■ **Input data**:
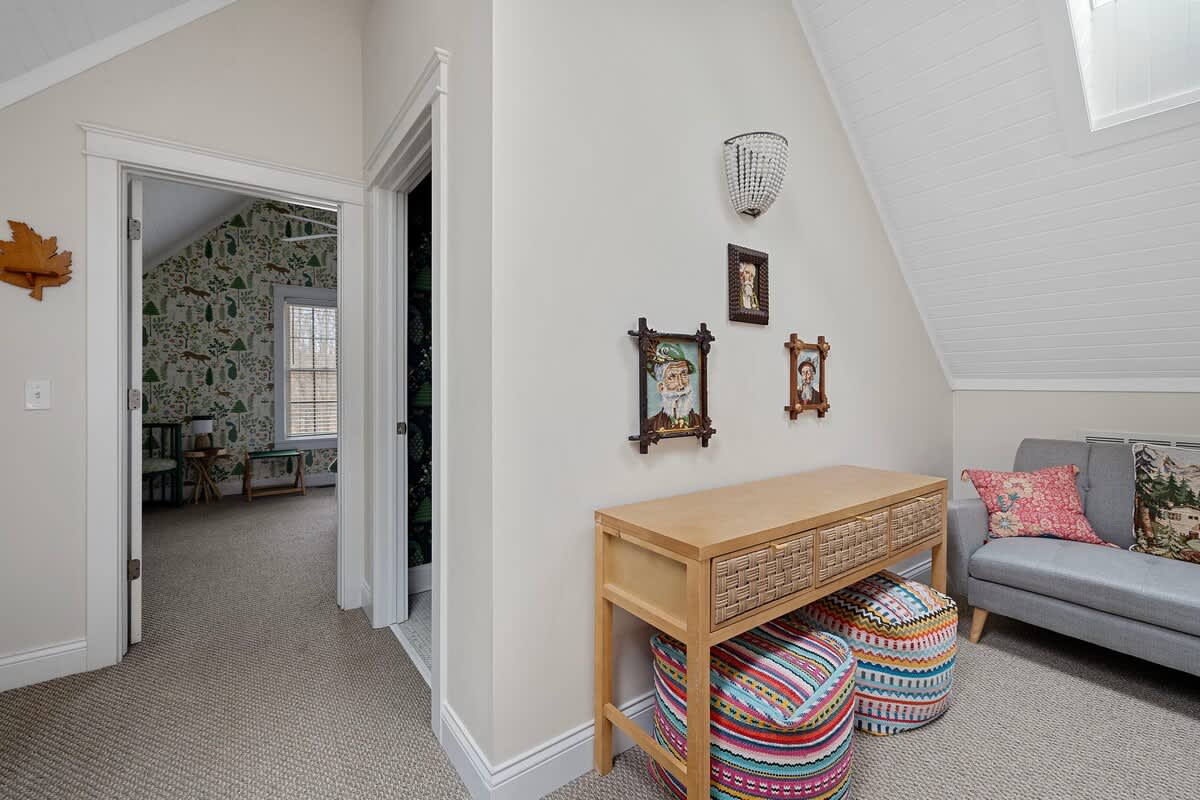 When we said artsy and eclectic accessorizing, oh yes, we meant it!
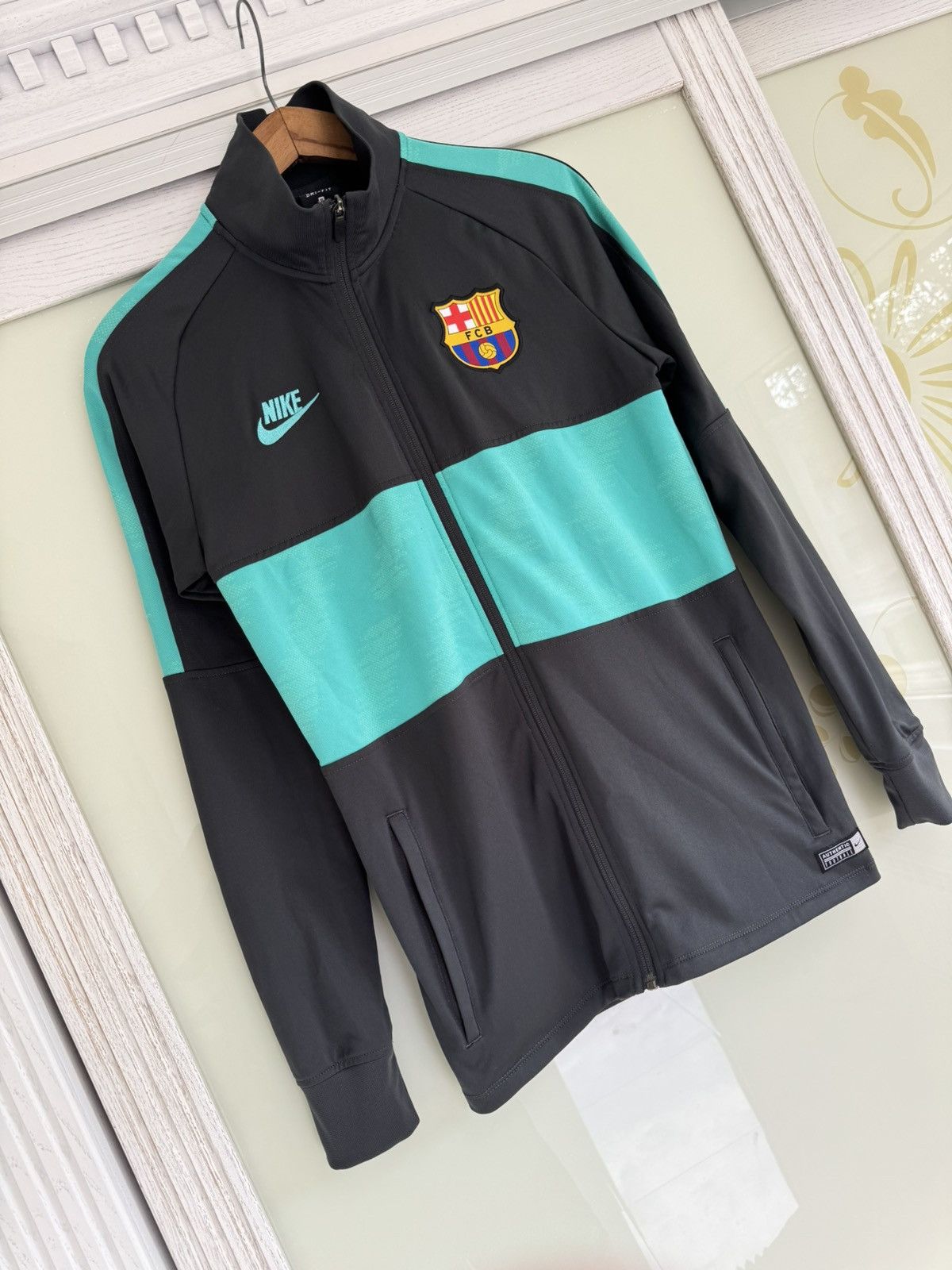 Nike Barcelona 2019-2020 Soccer Track Jacket Football Kit Shirt Size US S / EU 44-46 / 1 - 4 Thumbnail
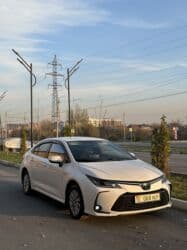 купить маленькую машину недорого: Toyota Corolla: 2022 г., 1.8 л, Вариатор, Гибрид, Седан — 1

■ **Directions**:
Word for word, restate the whole listing and drop the images.

■ **Response to this exercise**:
 When we said artsy and eclectic accessorizing, oh yes, we meant it!
 Nike Barcelona 2019-2020 Soccer Track Jacket Football Kit Shirt Size US S / EU 44-46 / 1 - 4 Thumbnail
 купить маленькую машину недорого: Toyota Corolla: 2022 г., 1.8 л, Вариатор, Гибрид, Седан — 1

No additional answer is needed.